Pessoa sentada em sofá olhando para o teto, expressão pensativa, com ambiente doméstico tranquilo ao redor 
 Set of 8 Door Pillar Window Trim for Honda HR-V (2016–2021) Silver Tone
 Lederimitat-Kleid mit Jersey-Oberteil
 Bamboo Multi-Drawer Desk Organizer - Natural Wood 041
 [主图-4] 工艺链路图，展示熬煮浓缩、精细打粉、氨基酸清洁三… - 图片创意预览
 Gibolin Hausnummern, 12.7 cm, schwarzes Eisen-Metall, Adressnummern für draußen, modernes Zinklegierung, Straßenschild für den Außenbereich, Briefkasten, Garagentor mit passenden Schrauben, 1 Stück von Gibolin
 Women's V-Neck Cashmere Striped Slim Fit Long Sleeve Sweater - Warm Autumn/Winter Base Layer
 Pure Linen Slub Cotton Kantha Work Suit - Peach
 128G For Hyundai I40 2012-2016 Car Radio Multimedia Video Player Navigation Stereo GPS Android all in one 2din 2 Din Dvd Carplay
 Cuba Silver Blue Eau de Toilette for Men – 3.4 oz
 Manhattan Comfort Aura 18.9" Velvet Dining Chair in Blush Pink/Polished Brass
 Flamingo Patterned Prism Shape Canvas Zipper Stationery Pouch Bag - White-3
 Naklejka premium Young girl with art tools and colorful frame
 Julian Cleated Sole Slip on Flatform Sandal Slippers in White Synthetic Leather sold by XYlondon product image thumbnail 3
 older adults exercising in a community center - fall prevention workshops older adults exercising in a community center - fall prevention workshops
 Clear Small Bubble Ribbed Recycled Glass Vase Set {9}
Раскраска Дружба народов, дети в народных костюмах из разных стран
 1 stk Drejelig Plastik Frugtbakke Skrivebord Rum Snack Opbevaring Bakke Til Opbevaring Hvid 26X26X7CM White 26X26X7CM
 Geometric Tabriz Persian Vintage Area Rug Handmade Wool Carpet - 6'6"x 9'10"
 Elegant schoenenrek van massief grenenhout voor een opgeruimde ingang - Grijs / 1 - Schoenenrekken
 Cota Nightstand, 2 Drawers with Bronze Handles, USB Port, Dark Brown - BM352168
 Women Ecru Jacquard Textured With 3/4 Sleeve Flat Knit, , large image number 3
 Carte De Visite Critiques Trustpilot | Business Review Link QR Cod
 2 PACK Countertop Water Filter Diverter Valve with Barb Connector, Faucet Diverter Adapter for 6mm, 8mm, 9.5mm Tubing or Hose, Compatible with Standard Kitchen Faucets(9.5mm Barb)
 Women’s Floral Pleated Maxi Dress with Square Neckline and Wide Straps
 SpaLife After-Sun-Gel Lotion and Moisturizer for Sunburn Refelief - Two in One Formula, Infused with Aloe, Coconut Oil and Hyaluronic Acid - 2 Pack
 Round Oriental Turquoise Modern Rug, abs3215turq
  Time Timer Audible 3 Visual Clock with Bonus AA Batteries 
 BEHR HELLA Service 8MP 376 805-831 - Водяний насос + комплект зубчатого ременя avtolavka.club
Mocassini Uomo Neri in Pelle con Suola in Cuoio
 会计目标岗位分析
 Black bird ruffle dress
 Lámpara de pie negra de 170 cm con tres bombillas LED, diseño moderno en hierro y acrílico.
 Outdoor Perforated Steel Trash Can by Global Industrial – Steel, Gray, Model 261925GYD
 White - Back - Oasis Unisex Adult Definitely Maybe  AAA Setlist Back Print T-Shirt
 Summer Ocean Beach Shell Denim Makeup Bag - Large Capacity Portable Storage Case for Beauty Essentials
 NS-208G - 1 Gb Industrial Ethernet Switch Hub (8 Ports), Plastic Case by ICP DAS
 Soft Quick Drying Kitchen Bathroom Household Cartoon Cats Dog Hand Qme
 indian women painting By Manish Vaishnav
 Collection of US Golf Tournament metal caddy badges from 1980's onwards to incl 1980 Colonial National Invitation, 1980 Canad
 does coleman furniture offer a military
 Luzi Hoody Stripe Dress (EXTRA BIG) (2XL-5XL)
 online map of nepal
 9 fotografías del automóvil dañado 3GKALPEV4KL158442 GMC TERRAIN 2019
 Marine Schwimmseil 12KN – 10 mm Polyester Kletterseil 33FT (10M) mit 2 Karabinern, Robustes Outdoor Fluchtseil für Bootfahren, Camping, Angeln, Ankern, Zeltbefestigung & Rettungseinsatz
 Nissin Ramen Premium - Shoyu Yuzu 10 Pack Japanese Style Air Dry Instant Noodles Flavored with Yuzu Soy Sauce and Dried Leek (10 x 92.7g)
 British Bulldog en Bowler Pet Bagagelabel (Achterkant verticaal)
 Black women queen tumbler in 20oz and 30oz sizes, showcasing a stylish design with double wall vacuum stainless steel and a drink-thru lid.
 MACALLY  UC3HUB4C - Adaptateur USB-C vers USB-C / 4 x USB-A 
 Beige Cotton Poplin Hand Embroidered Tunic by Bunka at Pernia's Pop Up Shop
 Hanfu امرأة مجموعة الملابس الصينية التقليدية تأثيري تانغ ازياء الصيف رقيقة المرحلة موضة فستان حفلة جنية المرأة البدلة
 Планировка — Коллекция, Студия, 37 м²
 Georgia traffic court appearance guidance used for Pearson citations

..............................

**Task**
Your output must be the exact lines from the one containing "Summer Ocean Beach" through the end of the data above, both included, and nothing more.

**Expected output**
 Summer Ocean Beach Shell Denim Makeup Bag - Large Capacity Portable Storage Case for Beauty Essentials
 NS-208G - 1 Gb Industrial Ethernet Switch Hub (8 Ports), Plastic Case by ICP DAS
 Soft Quick Drying Kitchen Bathroom Household Cartoon Cats Dog Hand Qme
 indian women painting By Manish Vaishnav
 Collection of US Golf Tournament metal caddy badges from 1980's onwards to incl 1980 Colonial National Invitation, 1980 Canad
 does coleman furniture offer a military
 Luzi Hoody Stripe Dress (EXTRA BIG) (2XL-5XL)
 online map of nepal
 9 fotografías del automóvil dañado 3GKALPEV4KL158442 GMC TERRAIN 2019
 Marine Schwimmseil 12KN – 10 mm Polyester Kletterseil 33FT (10M) mit 2 Karabinern, Robustes Outdoor Fluchtseil für Bootfahren, Camping, Angeln, Ankern, Zeltbefestigung & Rettungseinsatz
 Nissin Ramen Premium - Shoyu Yuzu 10 Pack Japanese Style Air Dry Instant Noodles Flavored with Yuzu Soy Sauce and Dried Leek (10 x 92.7g)
 British Bulldog en Bowler Pet Bagagelabel (Achterkant verticaal)
 Black women queen tumbler in 20oz and 30oz sizes, showcasing a stylish design with double wall vacuum stainless steel and a drink-thru lid.
 MACALLY  UC3HUB4C - Adaptateur USB-C vers USB-C / 4 x USB-A 
 Beige Cotton Poplin Hand Embroidered Tunic by Bunka at Pernia's Pop Up Shop
 Hanfu امرأة مجموعة الملابس الصينية التقليدية تأثيري تانغ ازياء الصيف رقيقة المرحلة موضة فستان حفلة جنية المرأة البدلة
 Планировка — Коллекция, Студия, 37 м²
 Georgia traffic court appearance guidance used for Pearson citations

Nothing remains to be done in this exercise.